Here’s what I’ve got so far:
WITH
cte_c AS (SELECT c FROM criteria_c WHERE proj_id = 1),
cte_m AS (SELECT m FROM criteria_m WHERE proj_id = 1),
cte_p AS (SELECT p FROM criteria_p WHERE proj_id = 1)
SELECT * FROM main_data
JOIN cte_c ON main_data.c = cte_c.c
JOIN cte_m ON main_data.m = cte_m.m
JOIN cte_p ON main_data.p = cte_p.p;
The problem is if any CTE is empty, I get no results. How can I make the joins work only for non-empty CTEs?
For example, if I have criteria for C and P but not M, I want to ignore the M join and still get results.
My main_data table has over a million rows, so I need to filter efficiently based on the given criteria.
Any ideas on how to make this work? Thanks for the help!
hey, interesting challenge! maybe try left joins with coalesce, like:
SELECT * FROM main_data
LEFT JOIN cte_c ON main_data.c = cte_c.c
LEFT JOIN cte_m ON main_data.m = cte_m.m
LEFT JOIN cte_p ON main_data.p = cte_p.p
WHERE COALESCE(cte_c.c, cte_m.m, cte_p.p) IS NOT NULL;
what perf issues u seen?
Your approach using CTEs is a good start, but we can optimize it further for flexibility and performance. Consider using dynamic SQL to construct the query based on the available criteria. Here’s a high-level approach:
Create a stored procedure that accepts the project ID as a parameter.

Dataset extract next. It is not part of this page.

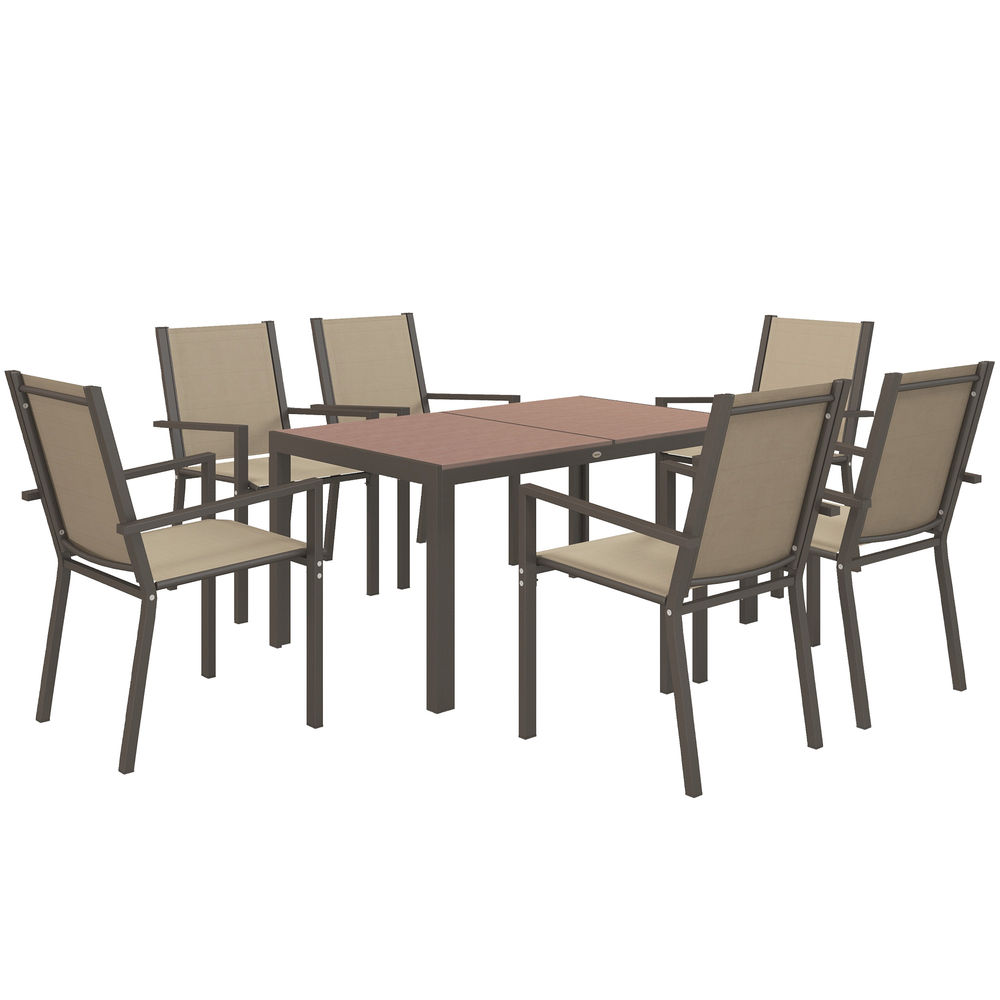 Una mesa rectangular con seis sillas marrones de tela beige.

Within the procedure, check which criteria tables have data for the given project ID.
Dynamically build the SQL string, including only the necessary joins.
Execute the dynamic SQL using EXECUTE IMMEDIATE.
This method ensures you’re only joining the relevant tables, reducing unnecessary processing. It’s particularly efficient for large datasets like yours. Remember to properly parameterize your dynamic SQL to prevent SQL injection vulnerabilities.
For even better performance, consider creating covering indexes on the criteria tables and the main_data table for the columns used in the joins.
yo zack, have u tried using EXISTS in ur WHERE clause? like this:
SELECT * FROM main_data
WHERE EXISTS (SELECT 1 FROM cte_c WHERE main_data.c = cte_c.c)
OR EXISTS (SELECT 1 FROM cte_m WHERE main_data.m = cte_m.m)
OR EXISTS (SELECT 1 FROM cte_p WHERE main_data.p = cte_p.p);
this way it’ll only check the criteria that exist. might be faster too. lmk if it helps!